In 1987 Lalru bus massacre 38 Hindu bus passengers going from Dhilwan to Jalandhar were killed by pro-Khalistan Sikh militants at Lalru.

Geography
Dhilwan is located at  in Punjab. It has an average elevation of 219 metres (718 feet).

Dhilwan Kalan
Dhilwan and Dhilwan Kalan in Sikh History Books are two different places. Dhilwan Kalan is also written as Dhilwan, or Dhilwan Sodhian, which causes confusion among readers. Dhilwan Kalan is near Kotkapura in Faridkot district.
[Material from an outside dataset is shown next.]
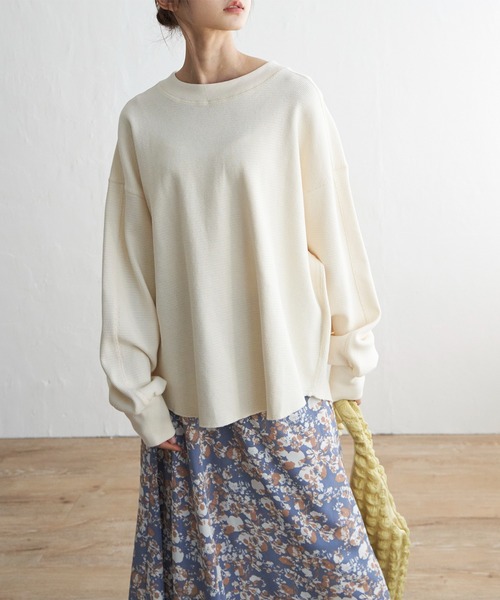 LBC（エルビーシー）の「【WEB限定★プチプラ】ワッフルプルオーバー（Tシャツ/カットソー・レディース・オフホワイト/グリーン/ブルー・M）」の12枚目の写真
A few other villages have identical or similar names, Dhilwan Khurd (Faridkot district), Dhilwan Wala (Moga district), Dhilwan (Barnala district), Dhilwan (Gurdaspur district).

Demographics
 India census, Dhilwan had a population of 7980. Males constituted 52% of the population and females 48%. Dhilwan has an average literacy rate of 68%, higher than the national average of 59.5%: male literacy is 72% and female literacy is 63%. In Dhilwan, 12% of the population is under 6 years of age.

Transport
By Air: Dhilwan is located at 65 km far from Amritsar International airport, (Raja Sansi Airport)
By Rail: Dhilwan railway station is located at 3 km far from main city 
By Road: Dhilwan is well connected to all major towns and cities of the state
Bus Route: PRTC - Pepsu Road Transport Corporation provides regular buses to reach inter-city and inter-state regions.